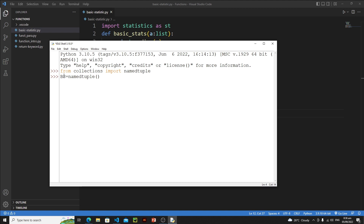There are a few arguments you need to pass. First you need to pass the type name — you can consider the type name as the name of your tuple — so just pass bs. Then you need to define the field names. The field names are basically the keys. It must be a list and every key in this list must be a string. All those strings will act like keys of a dictionary. So type something like key1 and key2 as the field names.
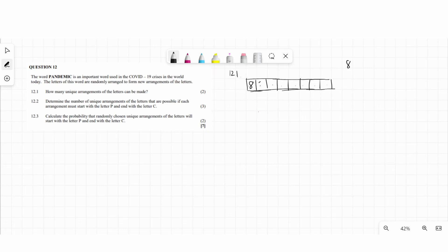For the second chair, one person is already sitting, so seven people can sit there. The third chair has six options, the fourth has five, then four, three, two, and one. Multiplying all together gives us 8 factorial, which equals 40,320.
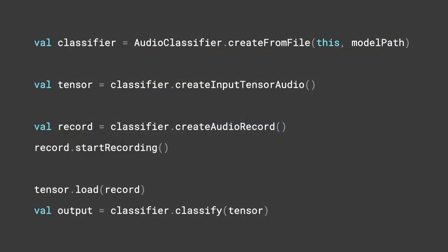Let's see some code. Here's what you need. First, load the pre-trained module to a classifier. Then, create a buffer that's used for inference. This buffer can represent a window of data. The classifier can also create an audio recorder for you with the proper configuration. Finally, you just need to call the classify method on the buffer that was just created, and that's it.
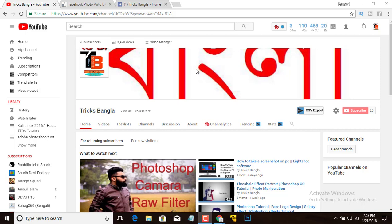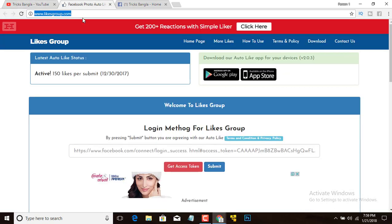Hello everyone, welcome to TixPlan channel. Today I will show you how to increase your Facebook page likes. This is the first part — in this video I will give you some tricks for your Facebook page, so let's start. First, go to the site I will give you in the description.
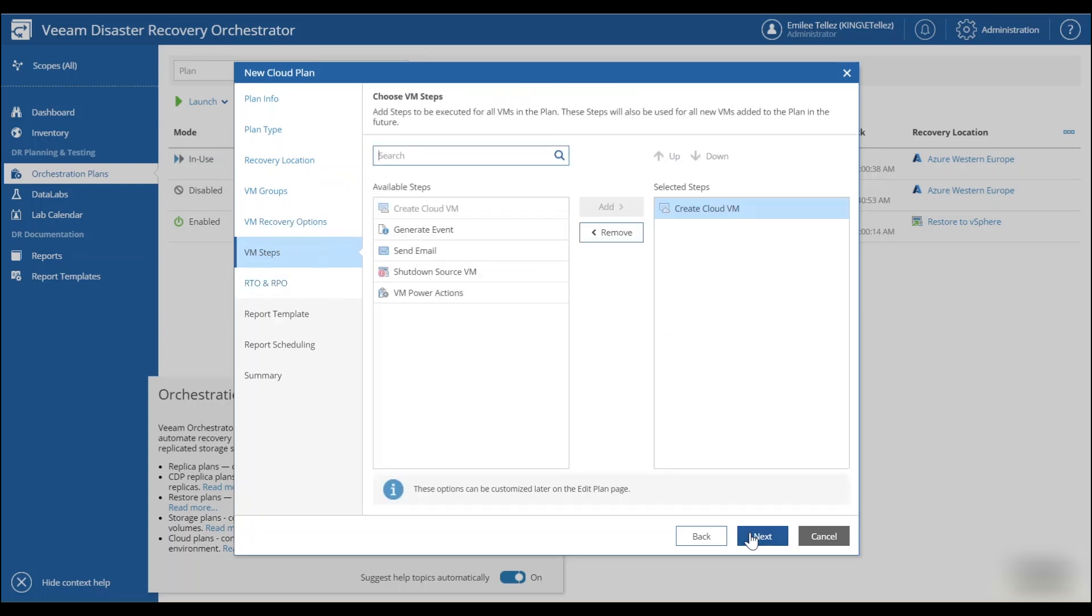We have some virtual machine steps that we'll have to take. So since we are just recovering into Azure, it's just going to do a simple create a cloud VM. But if you were recovering this anywhere else, you would see some additional options you could choose from.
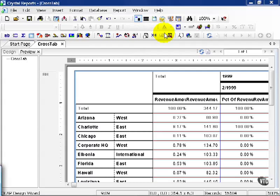Crosstabs in the beginning were designed for simple summary type reports that could be quick and easy. Notice we didn't have to choose what to summarize, we simply dragged it into our crosstab wizard and it did it for us.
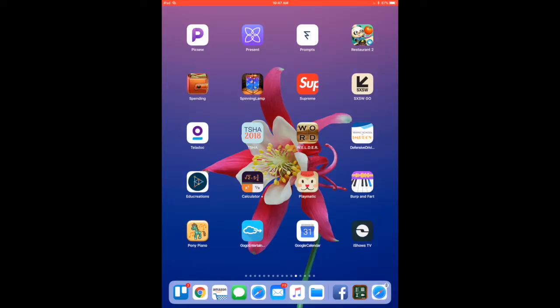Hi, this is Betsy with BridgingApps. Today I want to tell you about an app called First Then Visual Schedule. This is a great app that can be used to make visual schedules for home or the classroom.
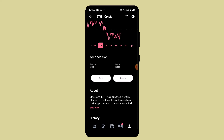You will also be able to see the Buy option when you have verified your account and when you have enough funds. In my case, I don't have both of those, so the full interface isn't shown. But if you want to buy, just tap the Buy button.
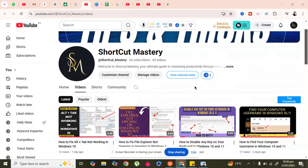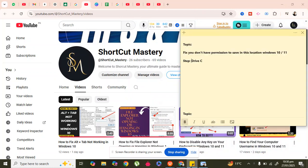Hi guys, welcome back to my YouTube channel Shortcut Mastery. In today's video, we will cover how to fix the issue where you want to save something in C drive, but get the message 'you don't have permission to save in this location.' So let's start.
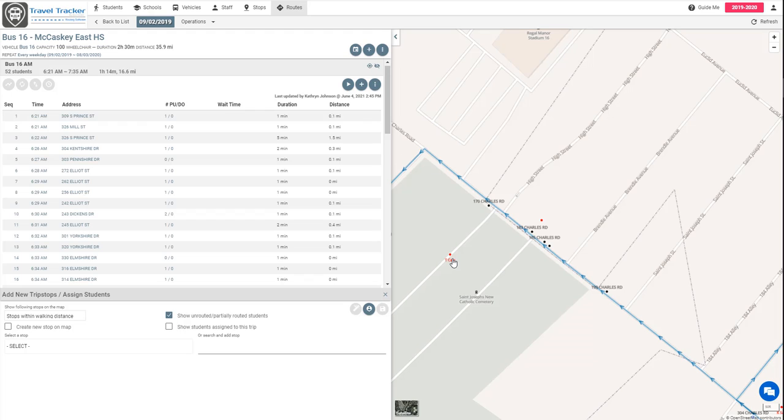Now the reason that we set that filter earlier to only look at McCaskey East High School students is so that when we show these unrouted and partially routed students it's only going to show us students who attend McCaskey East High School rather than showing us students from our entire district.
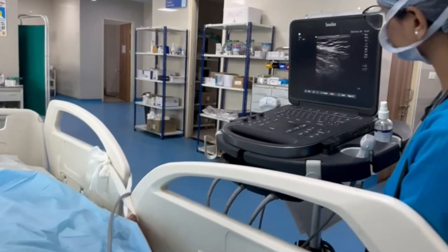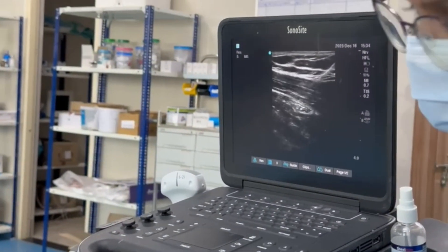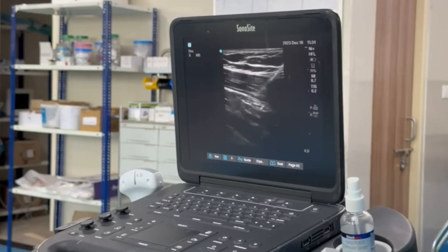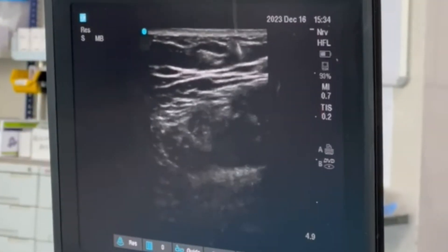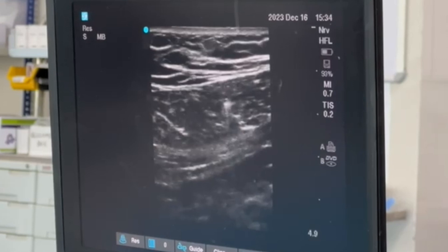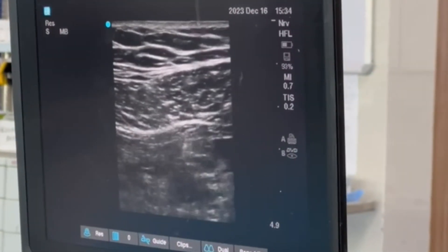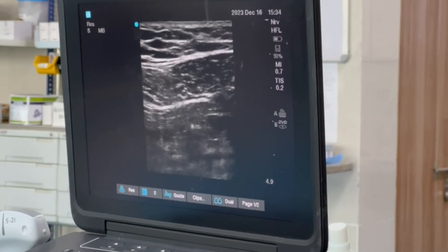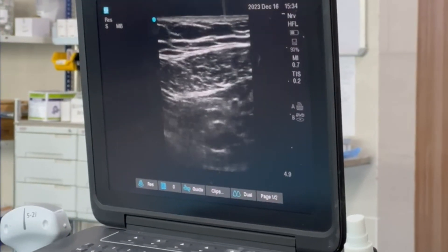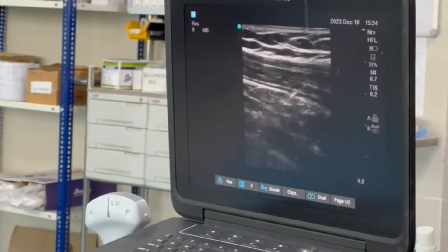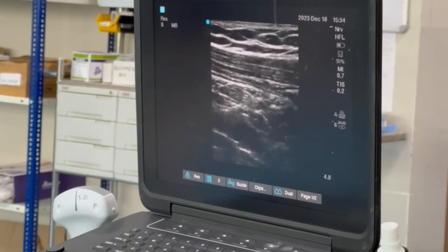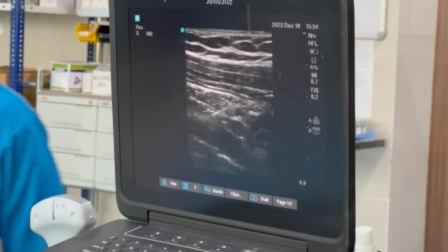Confirm the guidewire position: first confirm it in the short-axis view, and then rotate the probe to get a view of the guidewire in the long-axis view. Here you can see the guidewire is in the subclavian vein.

* * * * * * *

- [Work request]: Copy exactly the lines that run from the one containing "You will also" to the last line of the records, both included, and leave out every picture.

- [Answer to this task]:
You will also be able to see the Buy option when you have verified your account and when you have enough funds. In my case, I don't have both of those, so the full interface isn't shown. But if you want to buy, just tap the Buy button.
Hi guys, welcome back to my YouTube channel Shortcut Mastery. In today's video, we will cover how to fix the issue where you want to save something in C drive, but get the message 'you don't have permission to save in this location.' So let's start.
Now the reason that we set that filter earlier to only look at McCaskey East High School students is so that when we show these unrouted and partially routed students it's only going to show us students who attend McCaskey East High School rather than showing us students from our entire district.
Confirm the guidewire position: first confirm it in the short-axis view, and then rotate the probe to get a view of the guidewire in the long-axis view. Here you can see the guidewire is in the subclavian vein.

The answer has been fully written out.